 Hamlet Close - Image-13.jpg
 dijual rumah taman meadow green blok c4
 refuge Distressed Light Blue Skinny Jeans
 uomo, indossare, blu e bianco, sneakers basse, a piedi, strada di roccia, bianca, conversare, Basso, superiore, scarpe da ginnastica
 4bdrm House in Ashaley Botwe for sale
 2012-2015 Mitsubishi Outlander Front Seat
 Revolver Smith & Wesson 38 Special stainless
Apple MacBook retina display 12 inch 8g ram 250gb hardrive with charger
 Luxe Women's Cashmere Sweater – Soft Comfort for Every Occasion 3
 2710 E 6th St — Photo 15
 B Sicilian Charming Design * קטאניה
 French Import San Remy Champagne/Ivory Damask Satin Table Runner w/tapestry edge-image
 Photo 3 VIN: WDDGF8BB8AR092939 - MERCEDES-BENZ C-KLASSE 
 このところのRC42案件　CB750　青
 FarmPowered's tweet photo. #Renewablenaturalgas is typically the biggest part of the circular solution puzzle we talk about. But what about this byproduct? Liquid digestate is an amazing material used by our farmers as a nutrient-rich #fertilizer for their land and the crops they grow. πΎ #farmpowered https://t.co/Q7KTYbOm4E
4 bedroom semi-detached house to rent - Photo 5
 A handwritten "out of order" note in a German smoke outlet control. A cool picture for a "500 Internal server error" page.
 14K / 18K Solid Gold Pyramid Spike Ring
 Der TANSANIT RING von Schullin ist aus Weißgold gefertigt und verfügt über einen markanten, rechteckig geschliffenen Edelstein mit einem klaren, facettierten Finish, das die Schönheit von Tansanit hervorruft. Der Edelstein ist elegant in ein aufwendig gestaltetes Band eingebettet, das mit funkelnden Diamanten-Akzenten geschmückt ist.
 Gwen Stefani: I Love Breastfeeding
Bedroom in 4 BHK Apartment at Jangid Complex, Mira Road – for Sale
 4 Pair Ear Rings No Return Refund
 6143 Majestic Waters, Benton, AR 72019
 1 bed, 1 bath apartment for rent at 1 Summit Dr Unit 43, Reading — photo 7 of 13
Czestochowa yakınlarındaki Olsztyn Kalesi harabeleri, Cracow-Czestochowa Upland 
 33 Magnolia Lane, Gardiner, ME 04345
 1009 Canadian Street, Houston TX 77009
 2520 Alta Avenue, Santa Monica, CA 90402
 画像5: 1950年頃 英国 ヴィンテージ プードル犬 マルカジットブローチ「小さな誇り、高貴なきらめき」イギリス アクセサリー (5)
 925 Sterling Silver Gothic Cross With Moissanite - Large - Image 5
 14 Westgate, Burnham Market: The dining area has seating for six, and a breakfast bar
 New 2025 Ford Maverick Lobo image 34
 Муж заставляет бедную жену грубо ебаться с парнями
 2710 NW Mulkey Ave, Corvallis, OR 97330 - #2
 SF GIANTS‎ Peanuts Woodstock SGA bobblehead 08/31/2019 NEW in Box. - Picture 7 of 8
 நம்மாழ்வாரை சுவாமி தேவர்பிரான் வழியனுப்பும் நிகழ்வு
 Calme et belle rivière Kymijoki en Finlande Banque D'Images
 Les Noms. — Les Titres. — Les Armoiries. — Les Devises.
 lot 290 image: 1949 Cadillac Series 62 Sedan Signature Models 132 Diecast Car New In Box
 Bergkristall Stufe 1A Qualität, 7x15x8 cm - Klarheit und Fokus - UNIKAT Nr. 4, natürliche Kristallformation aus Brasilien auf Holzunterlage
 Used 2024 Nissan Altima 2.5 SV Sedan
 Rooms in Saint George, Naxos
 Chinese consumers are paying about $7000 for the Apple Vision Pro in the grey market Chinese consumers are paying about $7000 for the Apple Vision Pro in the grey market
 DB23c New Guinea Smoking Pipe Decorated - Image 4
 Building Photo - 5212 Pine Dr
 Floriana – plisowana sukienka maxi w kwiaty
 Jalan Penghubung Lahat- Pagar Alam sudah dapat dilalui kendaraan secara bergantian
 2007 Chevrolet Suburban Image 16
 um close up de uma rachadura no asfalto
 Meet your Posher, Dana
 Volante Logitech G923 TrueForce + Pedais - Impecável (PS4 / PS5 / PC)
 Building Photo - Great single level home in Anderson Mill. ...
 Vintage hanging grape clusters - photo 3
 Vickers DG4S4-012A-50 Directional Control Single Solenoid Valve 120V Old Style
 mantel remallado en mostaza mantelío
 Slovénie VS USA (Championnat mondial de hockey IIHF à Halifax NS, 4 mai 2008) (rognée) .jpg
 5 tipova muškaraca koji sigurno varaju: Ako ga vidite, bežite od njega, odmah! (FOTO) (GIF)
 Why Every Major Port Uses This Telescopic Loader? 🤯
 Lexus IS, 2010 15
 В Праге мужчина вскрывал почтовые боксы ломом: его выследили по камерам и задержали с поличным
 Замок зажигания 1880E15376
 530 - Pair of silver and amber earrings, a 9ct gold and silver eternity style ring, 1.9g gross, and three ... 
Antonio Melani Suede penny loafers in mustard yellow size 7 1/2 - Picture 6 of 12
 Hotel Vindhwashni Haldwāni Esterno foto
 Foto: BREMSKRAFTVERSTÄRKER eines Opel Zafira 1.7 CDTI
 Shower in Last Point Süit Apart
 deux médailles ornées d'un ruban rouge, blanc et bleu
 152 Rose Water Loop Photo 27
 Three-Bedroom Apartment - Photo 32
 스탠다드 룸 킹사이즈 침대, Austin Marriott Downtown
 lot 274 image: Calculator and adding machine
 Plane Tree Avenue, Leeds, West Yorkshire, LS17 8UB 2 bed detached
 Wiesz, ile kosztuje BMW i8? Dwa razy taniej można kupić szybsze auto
_ _ _ _ _ _ _
### TASK INSTRUCTIONS
Without omission, retype the full listing shown above.

### OUTPUT FOR THIS TASK
 Hamlet Close - Image-13.jpg
 dijual rumah taman meadow green blok c4
 refuge Distressed Light Blue Skinny Jeans
 uomo, indossare, blu e bianco, sneakers basse, a piedi, strada di roccia, bianca, conversare, Basso, superiore, scarpe da ginnastica
 4bdrm House in Ashaley Botwe for sale
 2012-2015 Mitsubishi Outlander Front Seat
 Revolver Smith & Wesson 38 Special stainless
Apple MacBook retina display 12 inch 8g ram 250gb hardrive with charger
 Luxe Women's Cashmere Sweater – Soft Comfort for Every Occasion 3
 2710 E 6th St — Photo 15
 B Sicilian Charming Design * קטאניה
 French Import San Remy Champagne/Ivory Damask Satin Table Runner w/tapestry edge-image
 Photo 3 VIN: WDDGF8BB8AR092939 - MERCEDES-BENZ C-KLASSE 
 このところのRC42案件　CB750　青
 FarmPowered's tweet photo. #Renewablenaturalgas is typically the biggest part of the circular solution puzzle we talk about. But what about this byproduct? Liquid digestate is an amazing material used by our farmers as a nutrient-rich #fertilizer for their land and the crops they grow. πΎ #farmpowered https://t.co/Q7KTYbOm4E
4 bedroom semi-detached house to rent - Photo 5
 A handwritten "out of order" note in a German smoke outlet control. A cool picture for a "500 Internal server error" page.
 14K / 18K Solid Gold Pyramid Spike Ring
 Der TANSANIT RING von Schullin ist aus Weißgold gefertigt und verfügt über einen markanten, rechteckig geschliffenen Edelstein mit einem klaren, facettierten Finish, das die Schönheit von Tansanit hervorruft. Der Edelstein ist elegant in ein aufwendig gestaltetes Band eingebettet, das mit funkelnden Diamanten-Akzenten geschmückt ist.
 Gwen Stefani: I Love Breastfeeding
Bedroom in 4 BHK Apartment at Jangid Complex, Mira Road – for Sale
 4 Pair Ear Rings No Return Refund
 6143 Majestic Waters, Benton, AR 72019
 1 bed, 1 bath apartment for rent at 1 Summit Dr Unit 43, Reading — photo 7 of 13
Czestochowa yakınlarındaki Olsztyn Kalesi harabeleri, Cracow-Czestochowa Upland 
 33 Magnolia Lane, Gardiner, ME 04345
 1009 Canadian Street, Houston TX 77009
 2520 Alta Avenue, Santa Monica, CA 90402
 画像5: 1950年頃 英国 ヴィンテージ プードル犬 マルカジットブローチ「小さな誇り、高貴なきらめき」イギリス アクセサリー (5)
 925 Sterling Silver Gothic Cross With Moissanite - Large - Image 5
 14 Westgate, Burnham Market: The dining area has seating for six, and a breakfast bar
 New 2025 Ford Maverick Lobo image 34
 Муж заставляет бедную жену грубо ебаться с парнями
 2710 NW Mulkey Ave, Corvallis, OR 97330 - #2
 SF GIANTS‎ Peanuts Woodstock SGA bobblehead 08/31/2019 NEW in Box. - Picture 7 of 8
 நம்மாழ்வாரை சுவாமி தேவர்பிரான் வழியனுப்பும் நிகழ்வு
 Calme et belle rivière Kymijoki en Finlande Banque D'Images
 Les Noms. — Les Titres. — Les Armoiries. — Les Devises.
 lot 290 image: 1949 Cadillac Series 62 Sedan Signature Models 132 Diecast Car New In Box
 Bergkristall Stufe 1A Qualität, 7x15x8 cm - Klarheit und Fokus - UNIKAT Nr. 4, natürliche Kristallformation aus Brasilien auf Holzunterlage
 Used 2024 Nissan Altima 2.5 SV Sedan
 Rooms in Saint George, Naxos
 Chinese consumers are paying about $7000 for the Apple Vision Pro in the grey market Chinese consumers are paying about $7000 for the Apple Vision Pro in the grey market
 DB23c New Guinea Smoking Pipe Decorated - Image 4
 Building Photo - 5212 Pine Dr
 Floriana – plisowana sukienka maxi w kwiaty
 Jalan Penghubung Lahat- Pagar Alam sudah dapat dilalui kendaraan secara bergantian
 2007 Chevrolet Suburban Image 16
 um close up de uma rachadura no asfalto
 Meet your Posher, Dana
 Volante Logitech G923 TrueForce + Pedais - Impecável (PS4 / PS5 / PC)
 Building Photo - Great single level home in Anderson Mill. ...
 Vintage hanging grape clusters - photo 3
 Vickers DG4S4-012A-50 Directional Control Single Solenoid Valve 120V Old Style
 mantel remallado en mostaza mantelío
 Slovénie VS USA (Championnat mondial de hockey IIHF à Halifax NS, 4 mai 2008) (rognée) .jpg
 5 tipova muškaraca koji sigurno varaju: Ako ga vidite, bežite od njega, odmah! (FOTO) (GIF)
 Why Every Major Port Uses This Telescopic Loader? 🤯
 Lexus IS, 2010 15
 В Праге мужчина вскрывал почтовые боксы ломом: его выследили по камерам и задержали с поличным
 Замок зажигания 1880E15376
 530 - Pair of silver and amber earrings, a 9ct gold and silver eternity style ring, 1.9g gross, and three ... 
Antonio Melani Suede penny loafers in mustard yellow size 7 1/2 - Picture 6 of 12
 Hotel Vindhwashni Haldwāni Esterno foto
 Foto: BREMSKRAFTVERSTÄRKER eines Opel Zafira 1.7 CDTI
 Shower in Last Point Süit Apart
 deux médailles ornées d'un ruban rouge, blanc et bleu
 152 Rose Water Loop Photo 27
 Three-Bedroom Apartment - Photo 32
 스탠다드 룸 킹사이즈 침대, Austin Marriott Downtown
 lot 274 image: Calculator and adding machine
 Plane Tree Avenue, Leeds, West Yorkshire, LS17 8UB 2 bed detached
 Wiesz, ile kosztuje BMW i8? Dwa razy taniej można kupić szybsze auto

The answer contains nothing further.